ASSIGNED TASK:
Here the job is to repeat the listing exactly, but not the pictures in it.

SUPPLIED INFORMATION:
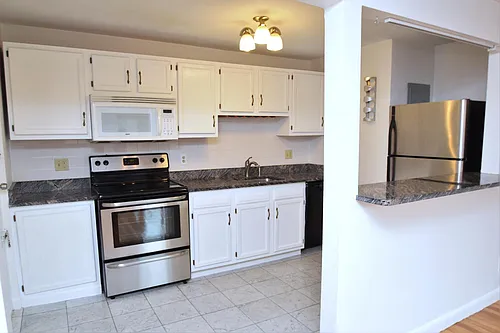 135 Inman St Photo 1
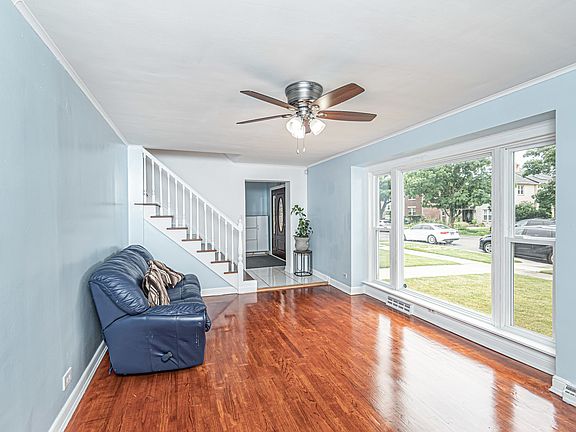 4th image of 3740 W Columbia Ave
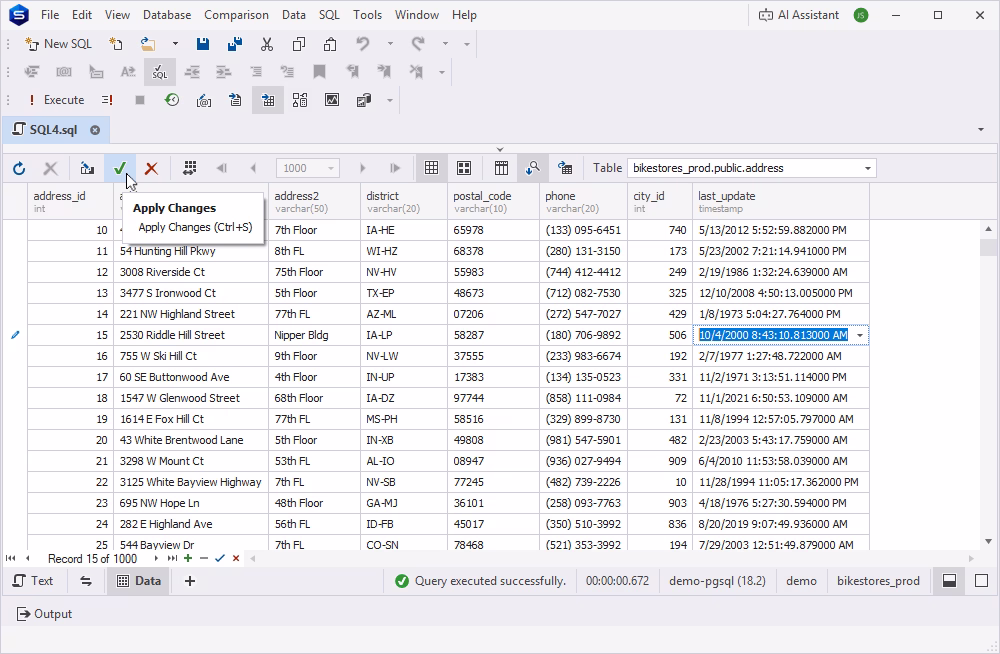 Applying the changes in the Cached Updates mode in dbForge Studio for PostgreSQL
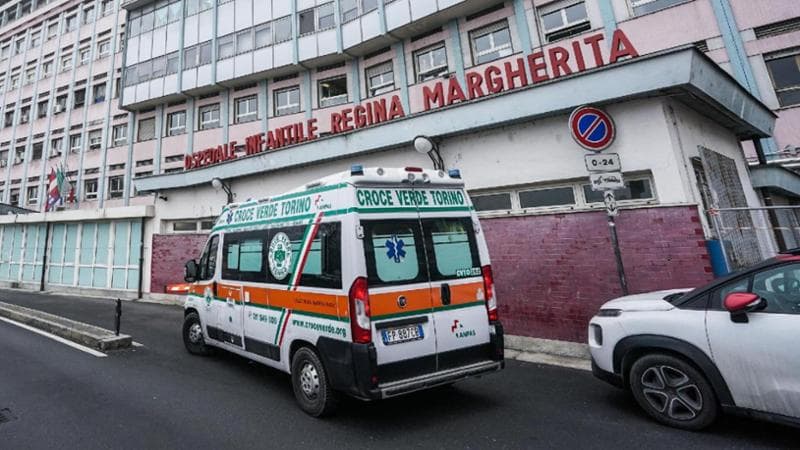 Botte e fame, incubo per una bimba di 5 anni: a processo madre e padre. “In ospedale ringhiava”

RESPONSE TO THE EXERCISE:
 135 Inman St Photo 1
 4th image of 3740 W Columbia Ave
 Applying the changes in the Cached Updates mode in dbForge Studio for PostgreSQL
 Botte e fame, incubo per una bimba di 5 anni: a processo madre e padre. “In ospedale ringhiava”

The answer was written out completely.